PERMO-CARBONIFEROUS COPACABANA FORMATION IN BOLIVIA: CARBONATE-CLASTIC SUCCESSIONS IN A BACK-ARC SETTING
Over 400m of Bashkirian to Kungurian strata in the Lake Titicaca region thin and young along tectonic strike and up regional depositional dip to the southeastern Subandes. Brachiopod-dominated, storm-influenced muddy marine subtidal carbonates are common. In Pennsylvanian deposits these facies are interbedded with Crurithyrid-rich wackestone and black shale and are overlain by cross-bedded sandstone and siltstone. Thin siliceous beds and nodule-bearing dolomudstone (silcretes equivalent to anhydrite in the northern subsurface) are abundant and represent up-dip facies elements of sabkha-homoclinal ramp depositional mosaics. Meter-scale successions show evidence for repeated subaerial exposures and episodic deposition of ash beds.
Abundant Permian skeletal grainstones include locally thick, cross-bedded pelmatozoan-dominated beds which represent high-energy environments and cover all areas of Pennsylvanian non-deposition (paleohighs). Ubiquitous Permian deposits contain many bryozoans, fusulinids and corals. Asselian/Sakmarian deposits can be organized into widely correlated decameter stacking cycles. Cycles consist of interbedded lime mud/dark shale with tempestites (subtidal) overlain by grainstones and clastics with subaerial features (peritidal shoals).

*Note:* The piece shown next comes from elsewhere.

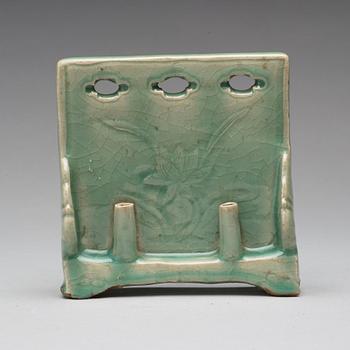 A 'Longquan' celadon table screen, Ming dynasty (1368-1644).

Sub-tropical Permo-Carboniferous deposition occurred within a system of troughs and paleohighs in cool-subtidal, warm-photic and evaporitic conditions (especially interesting with regard to underlying/coeval Gondwanan glacigene environments). Early restricted Pennsylvanian basins were flooded in the Permian and evolved into open, high-energy ramps. Sediment was accommodated by pre-rift, plate margin transtension. Analysis for cyclothemic eustatic overprint is contingent on higher resolution biostratigraphy.